Un voleur qui se balade dans les rues de paris au 18ème siècle ? Rien d’exceptionnel vous me direz…Mais quand ce voleur rencontre le grand Grenouille, la star du « Parfum » et qu’il se retrouve dans les salons philosophiques, là ça devient carrément flippant…
Mais pas de panique, pour vous remettre de vos émotions, un bon Dîner chez Richelieu vous attends !
J’ai dit bon, pas ennuyeux… Car quand le Cardinal pique une colère, ça met l’ambiance et même les siècles s’en souviennent !

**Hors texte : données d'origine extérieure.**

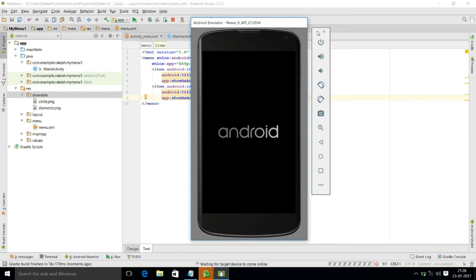I want to show you what type of output will display on the screen if we do not give the icon — it is just starting up.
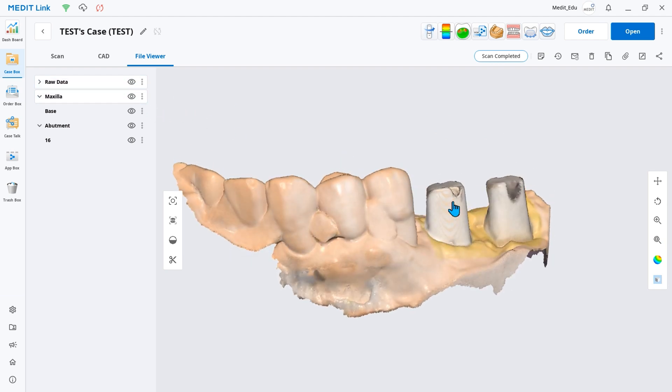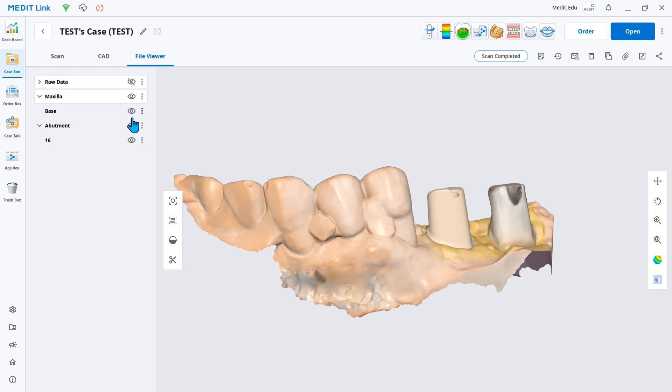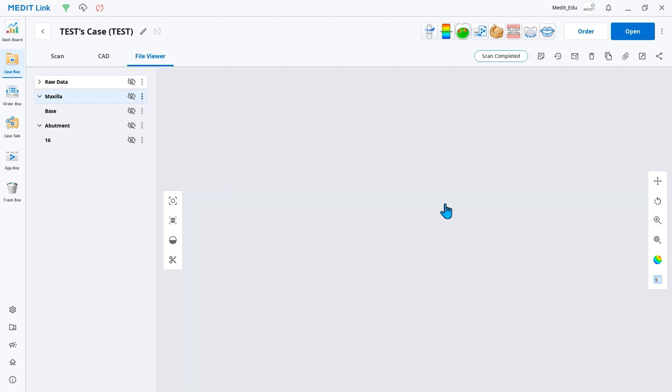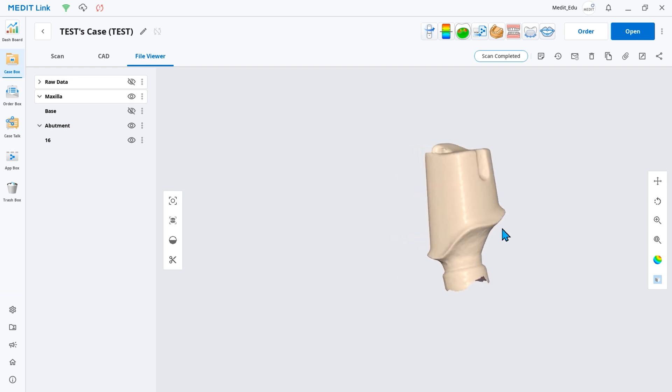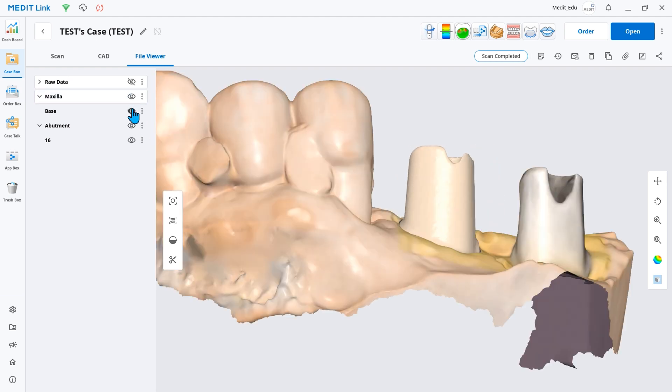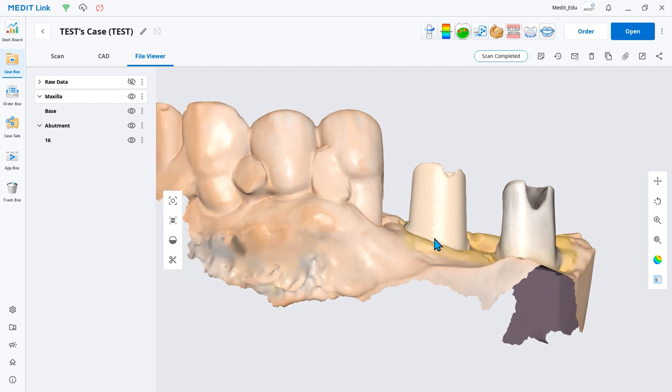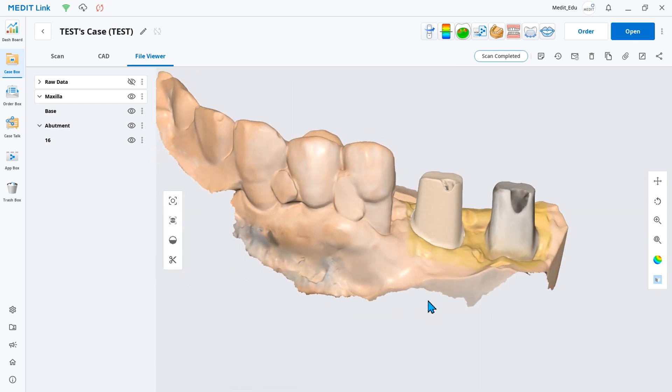You can send the associated abutment library file with its 3D location when ordering to your partner laboratory. This is also useful when you need to do additional design work in ExoCAD.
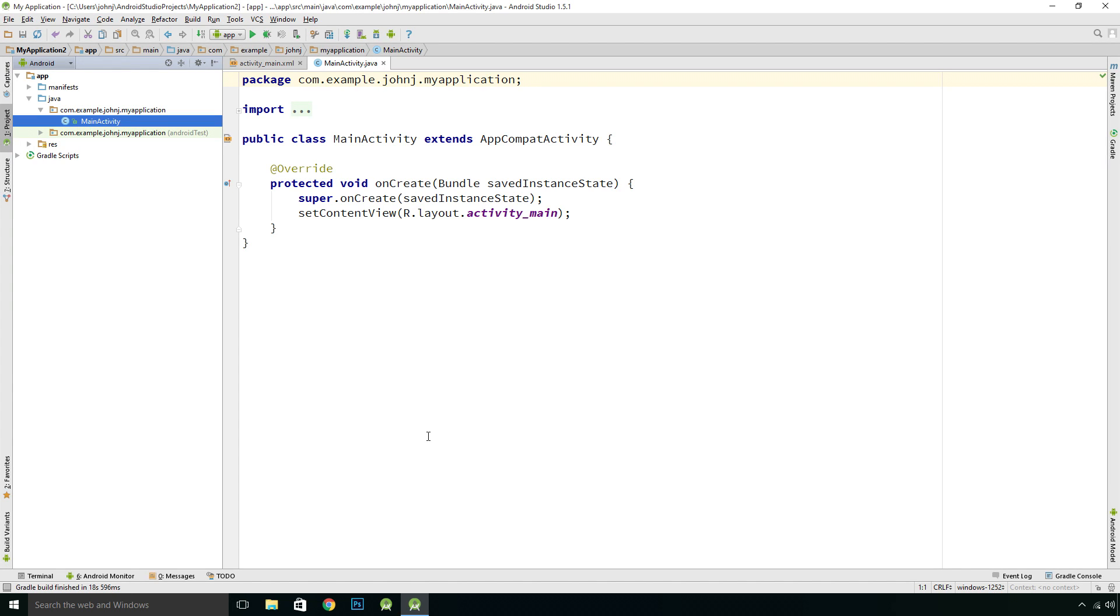Hi guys and welcome to a second episode in a series of videos where we are learning Java through Android Studio. We're carrying on where we left off in my last video. We've installed Android Studio and now we're going to test our emulator.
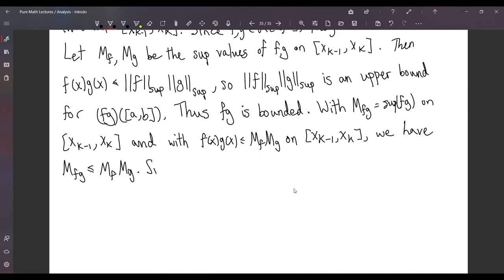Similarly, you can define m_f, m_g, and m_fg, and you will get that m_fg ≥ m_f · m_g — the opposite inequality.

Voici, mes amis, les deux autres textes gagnants qui font suite à Astérix à la BNF !
Quand la plume est prise par les lecteurs d’Histoire Très Personnelle, ça donne ça :
Allez, hop, c’est parti, suivez-les !
Je suis un voleur (par Cédric)
Comme tout le monde j’ai commencé par voler quelques sous dans la bourse de ma mère, puis des cigares dans le bureau de mon père. J’ai volé des pommes sur le marché, pas pour les manger, je n’aime pas les pommes, mais pour le simple plaisir de les posséder. Plus tard, je vidais les poches des gentilshommes et les paniers des ménagères. Et doucement, d’un vol à l’autre, l’adolescence me surprit. Alors je volais les dessous des lavandières.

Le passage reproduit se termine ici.